Penn Medicine News May 25, 2017

New research tool from Penn Medicine scientists could lead to more effective, less toxic dosing for many existing drugs.
Scientists from the Perelman School of Medicine at the University of Pennsylvania have developed a powerful tool for detecting and characterizing those molecular rhythms – a tool that could have many new medical applications, such as more accurate dosing for existing medications.

The tool is a machine learning–type algorithm called CYCLOPS that can sift through existing data on gene activity in human tissue samples to identify genes whose activity varies with a daily rhythm. (The acronym CYCLOPS stands for “CYCLic Ordering by Periodic Structure.)

"We can take advantage of that information potentially in many ways, for example to find times when it is easier to detect cancers and other diseases, and also to improve the dosing of many existing drugs by changing the time of day they are given," said lead author Ron C. Anafi, MD, PhD, an assistant professor of Sleep Medicine.

Described in the Proceedings of the National Academy of Sciences journal, CYCLOPS at least partly overcomes what has been one of the major obstacles to studying circadian rhythms in humans.

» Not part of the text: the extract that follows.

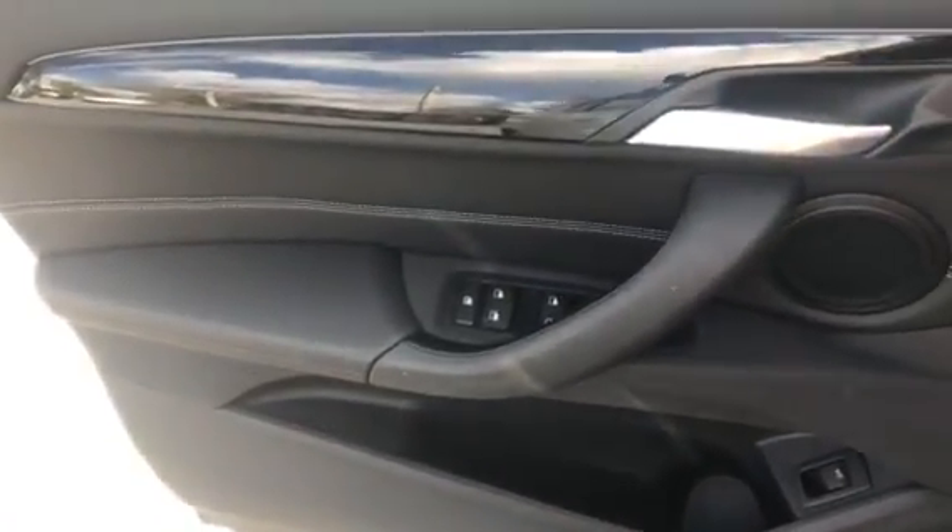The car does have comfort access keyless entry, and here are the driver's door master controls. The car also has all LED headlights.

CYCLOPS instead is meant to use the enormous amount of existing data on gene activity in different human tissues and cells – data obtained from people at biopsies and autopsies, in scientific as well as medical settings.

Such data almost never includes the time of day when tissue samples were taken. But CYCLOPS doesn’t need to know sampling times. If the dataset is large enough, it can detect any strong 24–hour pattern in the activity level of a given gene, and can then assign a likely clock time to each measurement in the dataset.

In an initial demonstration, Anafi and colleagues used CYCLOPS to analyze a dataset on gene activity levels in mouse liver cells – a dataset for which sampling times were available. The algorithm was able to put data on cycling genes into the correct clock–time sequence even though it had no access to actual sampling times.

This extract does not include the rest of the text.